The KKK applied for a permit to hold a March 30 rally in opposition to the renaming of three parks -- Nathan Bedford Forrest Park, Confederate Park and Jefferson Davis Park. The Tennessee leader of the KKK reportedly told Action News 5 the gathering would be "the largest rally Memphis, Tennessee has ever seen."
"It's not going to be 20 or 30. It's going to be thousands of Klansmen from the whole United States coming to Memphis, Tennessee," said the leader, known as the "Exalted Cyclops."
The group Sons of Confederate Veterans opposes the KKK's plans to gather, spokesman Lee Millar told Fox 16.
"I'm afraid that a counter rally or an anti-Klan rally from other elements in the city might show up and the situation might turn into a riot or something ugly as it has before," Millar said. "So we would prefer that the Klan not come to Memphis."
Despite his opposition to the KKK rally, Millar said he agreed the park names should be left alone.
"These are 100 year old historic parks," Millar said. "They need to leave the names alone. By changing them, they're bringing a lot of rage among the citizens of Memphis and drawing personal attention and negative attention to Memphis trying to erase history."

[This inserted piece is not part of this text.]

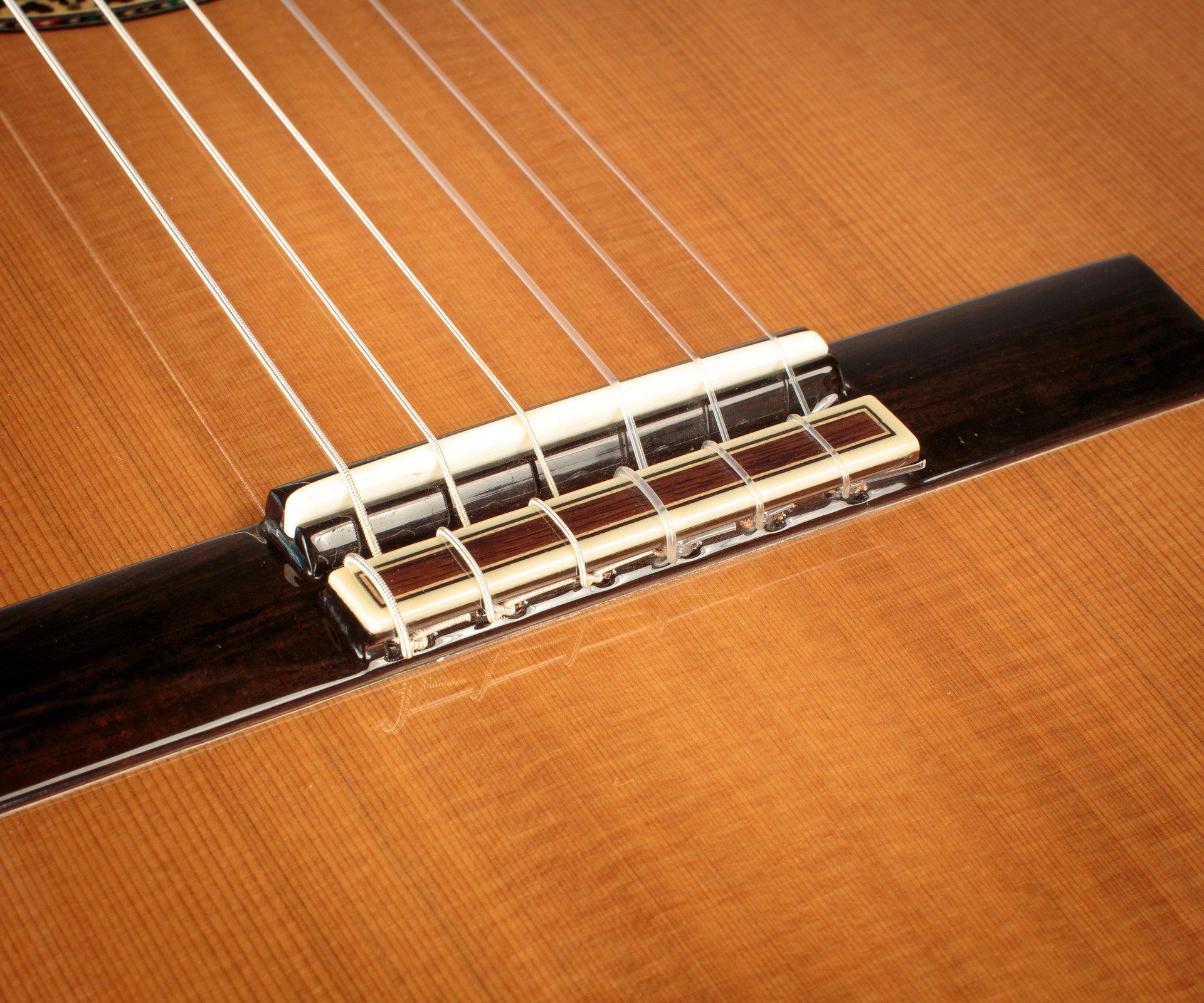 Alhambra Premier Pro Madagascar Classical Guitar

Uproar over the renaming of parks began in Feb. 2012. The AP reported earlier:
The statue of Confederate fighter Nathan Bedford Forrest astride a horse towers above the Memphis park bearing his name. It's a larger-than-life tribute to the warrior still admired by many for fiercely defending the South in the Civil War – and scorned by others for a slave-trading past and ties to the Ku Klux Klan.
Though the bloodiest war on American soil was fought 150 years ago, racially tinged discord flared before its City Council voted this week to strip Forrest's name from the downtown park and call it Health Sciences Park. It also voted to rename Confederate Park as Memphis Park and Jefferson Davis Park as Mississippi River Park.
Toney Armstrong, Director of the Memphis Police, said law enforcement is "expecting large crowds" of both the KKK's supporters and opposers at the event.
"We'll prepare for the worst and pray for the best," Armstrong said.